Required action: The answer should hold only the lines from the one containing "St. Oswald Готель 4*" through the one containing "Маяковского | Славные ..." in the entries below, copied exactly, without pictures.

Dataset entries:
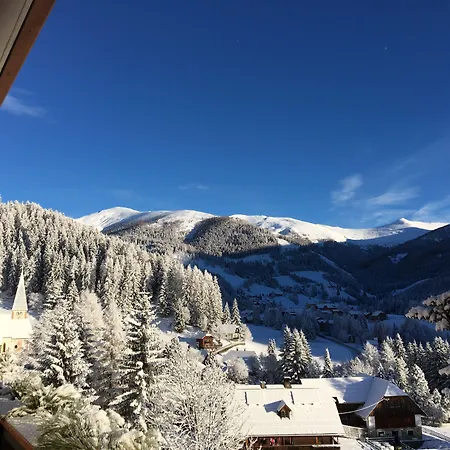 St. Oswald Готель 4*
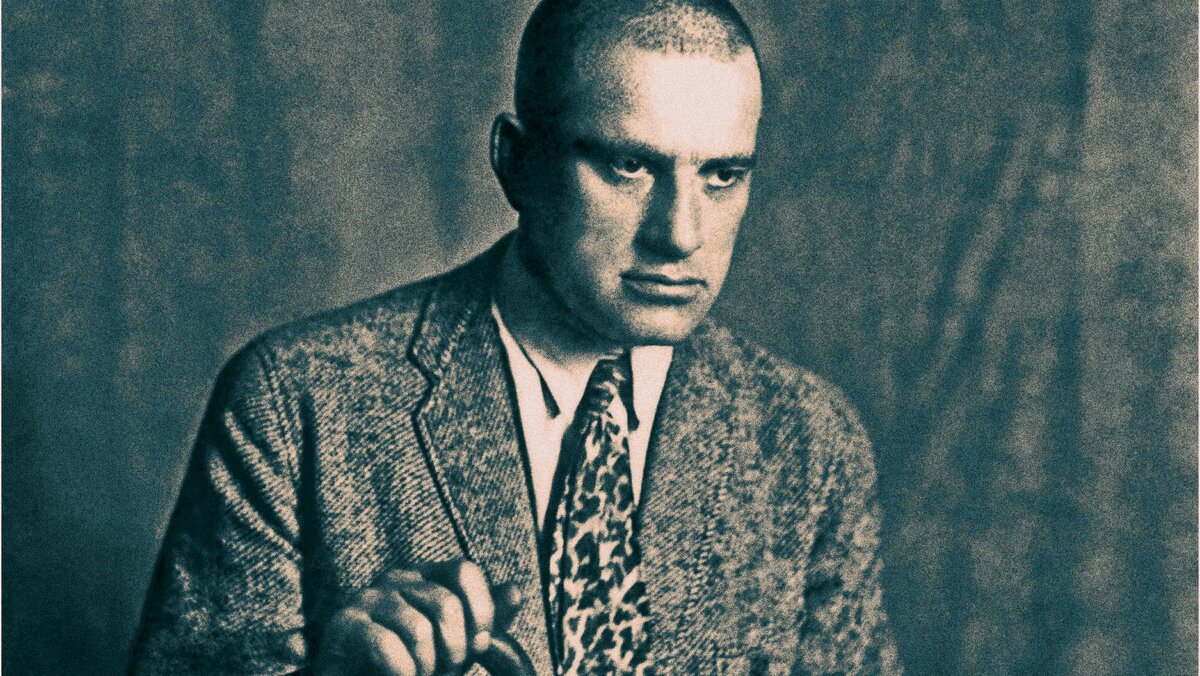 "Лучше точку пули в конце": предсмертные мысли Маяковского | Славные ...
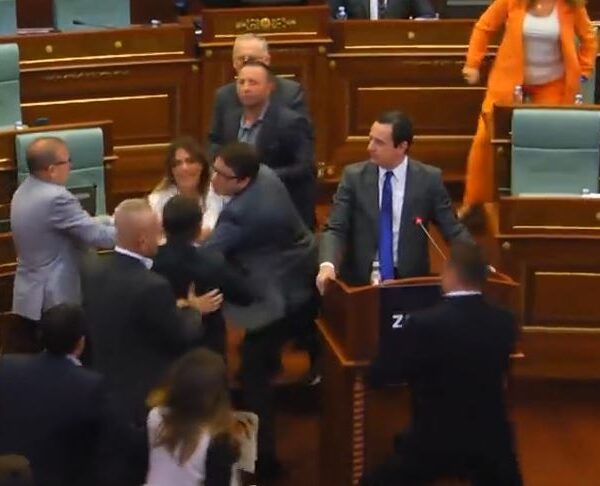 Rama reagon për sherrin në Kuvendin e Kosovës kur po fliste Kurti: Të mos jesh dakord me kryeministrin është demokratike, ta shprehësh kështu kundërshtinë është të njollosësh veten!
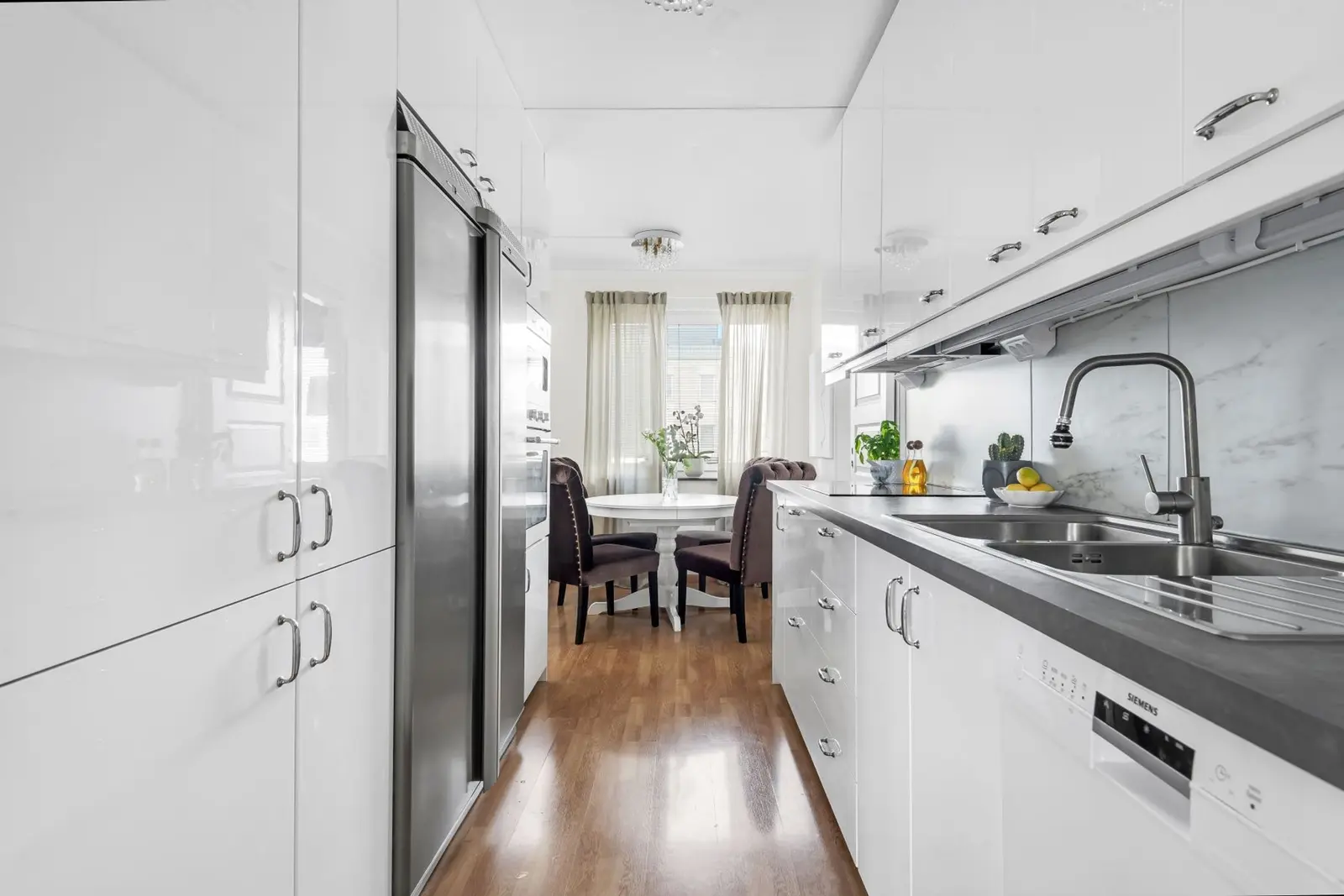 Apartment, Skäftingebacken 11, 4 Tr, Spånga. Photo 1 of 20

...

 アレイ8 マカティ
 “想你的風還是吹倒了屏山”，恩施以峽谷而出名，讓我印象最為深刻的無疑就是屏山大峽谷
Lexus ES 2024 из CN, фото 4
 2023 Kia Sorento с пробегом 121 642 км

Response to the exercise:
 St. Oswald Готель 4*
 "Лучше точку пули в конце": предсмертные мысли Маяковского | Славные ...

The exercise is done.